Christmas is, after all, a certain nomadic couple literally writing the story with each step, finding solace in the comfort and kindness of strangers. It is the resting of weary bodies in the dirt and hay of a stable, and the groaning 'neath the weight of child birth in the moonlight. 

My mother wrote a beautiful text this weekend to us children that I now cherish on her recollections of this Christmas and ones in years past. In its final lines she recounts her daddy's words of wisdom to his children traveling home for the Holidays,
 "Christmas is when you get here," 
he always said, and so it was some 2000 years ago as well. 

Before that tiny cry pierced the darkness, it was just a night. 
 
But in that moment when the babe newly born was wrapped in Mary's loving arms, laid low in the manger, Christmas arrived. 

Home for the Holidays that first Christmas night
 meant the three of them there, the cattle nearby, and strangers bearing gifts.

Sounds familiar here on our little ranch, too. 

True Christmas arrives for different reasons in our hearts each year.
Sometimes as family comes home for the holidays, 
but  sometimes, special times,  it happens if you allow 
yourself to become home for others. 

I will leave you with more pics of our Christmas fun and as always prayer requests at the bottom.

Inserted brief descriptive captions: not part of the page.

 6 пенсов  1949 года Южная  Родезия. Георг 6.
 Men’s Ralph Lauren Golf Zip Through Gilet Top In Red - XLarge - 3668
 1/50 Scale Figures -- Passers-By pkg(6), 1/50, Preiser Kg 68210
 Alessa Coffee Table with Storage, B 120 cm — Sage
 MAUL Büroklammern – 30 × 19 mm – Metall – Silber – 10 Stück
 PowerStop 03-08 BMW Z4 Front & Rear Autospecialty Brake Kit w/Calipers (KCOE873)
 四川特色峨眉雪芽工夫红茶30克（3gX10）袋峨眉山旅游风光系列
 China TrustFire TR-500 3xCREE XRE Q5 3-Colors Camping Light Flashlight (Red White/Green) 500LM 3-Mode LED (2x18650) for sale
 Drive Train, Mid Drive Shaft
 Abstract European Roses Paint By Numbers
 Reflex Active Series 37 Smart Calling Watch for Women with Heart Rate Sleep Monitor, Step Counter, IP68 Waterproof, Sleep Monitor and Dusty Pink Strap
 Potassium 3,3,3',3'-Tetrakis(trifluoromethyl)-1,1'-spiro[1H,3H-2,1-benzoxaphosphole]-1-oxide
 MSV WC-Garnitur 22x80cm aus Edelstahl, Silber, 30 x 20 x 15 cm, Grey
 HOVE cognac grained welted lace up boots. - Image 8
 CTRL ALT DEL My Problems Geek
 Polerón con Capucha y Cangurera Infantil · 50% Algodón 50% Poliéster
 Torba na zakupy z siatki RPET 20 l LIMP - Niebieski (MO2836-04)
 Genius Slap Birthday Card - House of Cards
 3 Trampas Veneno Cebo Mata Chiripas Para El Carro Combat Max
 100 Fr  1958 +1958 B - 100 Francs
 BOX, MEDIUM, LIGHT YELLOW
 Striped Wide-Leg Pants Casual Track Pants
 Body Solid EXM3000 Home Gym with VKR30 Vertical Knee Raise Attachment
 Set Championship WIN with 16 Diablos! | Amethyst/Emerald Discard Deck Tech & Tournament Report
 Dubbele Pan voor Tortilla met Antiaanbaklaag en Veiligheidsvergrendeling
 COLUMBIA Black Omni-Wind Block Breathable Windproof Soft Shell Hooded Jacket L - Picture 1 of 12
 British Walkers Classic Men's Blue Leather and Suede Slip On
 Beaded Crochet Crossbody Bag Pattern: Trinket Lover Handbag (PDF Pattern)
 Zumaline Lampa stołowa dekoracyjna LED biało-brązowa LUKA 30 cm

Bug cheesing for a quick xmas photo op!

One of my fave new pics of Cliff and the girls with Santa. 


Campbell meeting Ellie the Elf  for the first time. 


Bug Kitty!

Neano reading to Bug.

Reading about Ellie with Daddy.

My greatest gifts this Christmas.  

Bug checking out daddy's hat at the Interlinc Xmas Party.

My little heart and his Christmas puppy. 


Its not the Polar Express but Bug sure enjoyed it! 

Cliff meets his new nephew, Ethan. 


Cliff and his little mini me niece, Gabby. 

Gabby and Bug bonding over a love for Peppa Pig and their iPads. 

Siblings or Cousins???

Leila and Thomas help me make Coday House Christmas Bars. 

Cliff and his mini me, Gabby. 

Daddy-O reading to Bug. 

Me literally contracting baby fever! 

HEAUX, HEAUX, HEAUX Barefoot Christmas in Nola! 

Bug Ninja Warrior resting in his new bouncy house. 

Bug in a box! 

The Harris/ Hurleston Cousins. Gabby almost 2, Campbell 31/2, Thomas 6, Leila 9 and Ethan 10 days.


Prayer Requests:

Pray for our girls who are still with family until after the new year. Pray for their safe return and for many happy moments with family while they are away.

Pray for the girls who are still here or who have returned that we will spend New Year's with in a few days. Pray for us to be a place of peace and comfort for them during this time away from family.

Pray for Cliff's family in Nola and VA and NM. 

Pray for my family in Orange and MS and CA. 

Pray for peace and healing in all our hearts.